ところが、願った時代がやってきて、望んだ世界に居てみると、喜びと同時に以前とは違う悩みや苦しみを抱えるようになった。
どこかの誰かの反応を見ながら表現をつづけることは、なんだか感情を切り売りし、自分がすり減るような感覚もあった。
そんなの自分の気持ち次第だろう。
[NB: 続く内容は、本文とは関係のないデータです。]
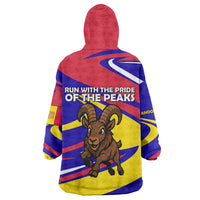 Andorra Wearable Blanket Hoodie with Cartoon Ibex and Swirl Stripe Design - Wonder Print Shop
自分が違うと思えれば断じて違うのだ。
でも合わない、強すぎる、プレッシャーだな、と感じる人もいてあたりまえではある。
いいねなんて人それぞれに違う意味を持つだろうに、目に見える数字というものほどわかりやすい評価はない。
好きと評価は似て非なるもの。
わかっているのにいいねがつかないと、誰にも見てもらえない、誰も必要としてないんだと淋しい錯覚に陥りがち。
他者の反応がどうあれ、自分にとって価値があるのなら数字なんてとるに足らないことのはずなのに。

好きな競走馬や自身が競馬の中で掲げるテーマについて寄稿をしていた頃が、ありがたくもいちばん評価されていた。
だけど、「好き」をかたちづくっているのに、いちばんしんどかった。
「こんなことを書ける自分を褒められたいがために馬を利用している」「馬が死んで悲しいくらいなら競馬なんかやめてしまえばいい」みたいな引用がついたことがずっと忘れられないでいる。
完全に誤解だしひどい言われようだと思ったけれど、あの言葉は呪いにも自戒にもなっていた。
そういうふうに見る人も言う人もいるのだと。
思い感じることは誰にも止められないし、咎められもしないし、表現するというのはそういうものをも受けとることでもあるのだと。
わたしには重すぎたので、結局そこから降りたというわけ。
「そこ」というのは、いやがうえにも評価をされてしまう場所です。
心が折れたといえば折れたのだろう。
折れてよかったのは、あとあとのいまになって「うまくならねば」という呪いを解いてくれたこと。
あの頃がいちばん「うまいこといえていた」。
でもがんばってうまく書いてもなんかキレてくる人だっているんだもの。
そう思えばもう好きにするのがいちばんね、ってなるよ。そらそうよ。

呪いは自分の心が生みだすものです。
だから、自分が違うと思えれば断じて違うし、自分にとって意味や価値があるのならそこに他者や評価は関係ないのです。
この境地にたどりつくまで、えらい時間がかかったもんだ。